Airbnb is established in the European Union. This means the question of whether the Dutch court has jurisdiction in this case is determined based on the Brussels I-bis Regulation. It is clear that the Dutch court cannot establish jurisdiction from the primary rule of Article 4 of the Brussels I-bis Regulation, which is the defendant’s place of residence, because Airbnb is based in Ireland.
Article 7(1)(b) Brussels I-bis
Does the Dutch court have jurisdiction in this case under Article 7(1)(b) of the Brussels I-bis Regulation? This provision provides an alternative jurisdiction for contractual obligations to the court where the obligation related to the claim was or should be performed.
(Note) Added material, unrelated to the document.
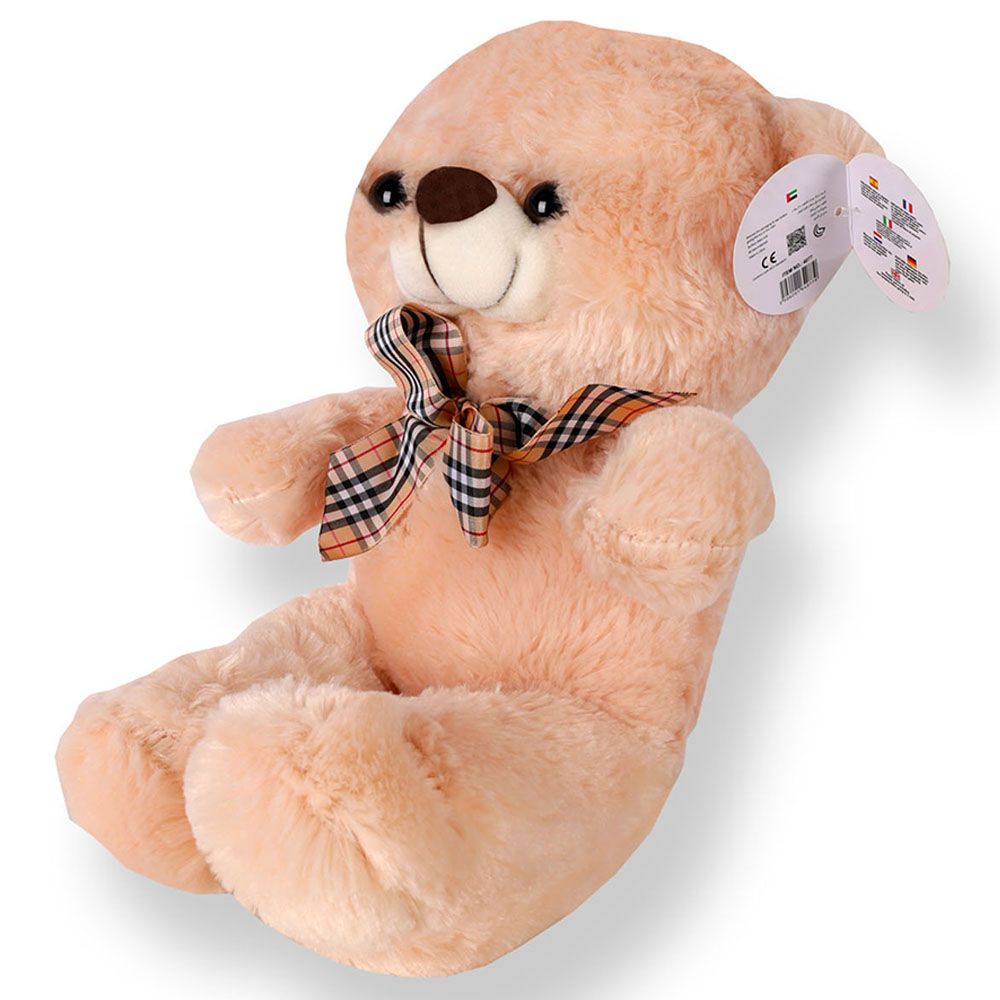 Cuddles - Silk Bear Plush - 15 Inch - Style May Vary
SMC argues that the place of performance is not Ireland, where only platform management occurs, but the Netherlands. This is because the digital services are tailored for and target Dutch users. The website is in Dutch, Dutch consumers can pay via the Dutch payment system iDEAL on the platform, Airbnb applies Dutch VAT to service fees, and several employees based in Amsterdam focus on the Dutch market.
In the Court of Appeal’s view, Airbnb’s main service is connecting tenants and hosts by listing accommodations on its online platform. The operation and management of Airbnb’s platform are carried out in Ireland by its employees there, which supports Airbnb’s claim that the primary service is performed in Ireland.
Choice of forum clause
SMC also invoked the forum-selection clause agreed to by consumers and Airbnb, as set out in Article 22 of the Terms of Use. According to this provision, the consumer contracting with Airbnb can file any claims against Airbnb in the court of their own residence.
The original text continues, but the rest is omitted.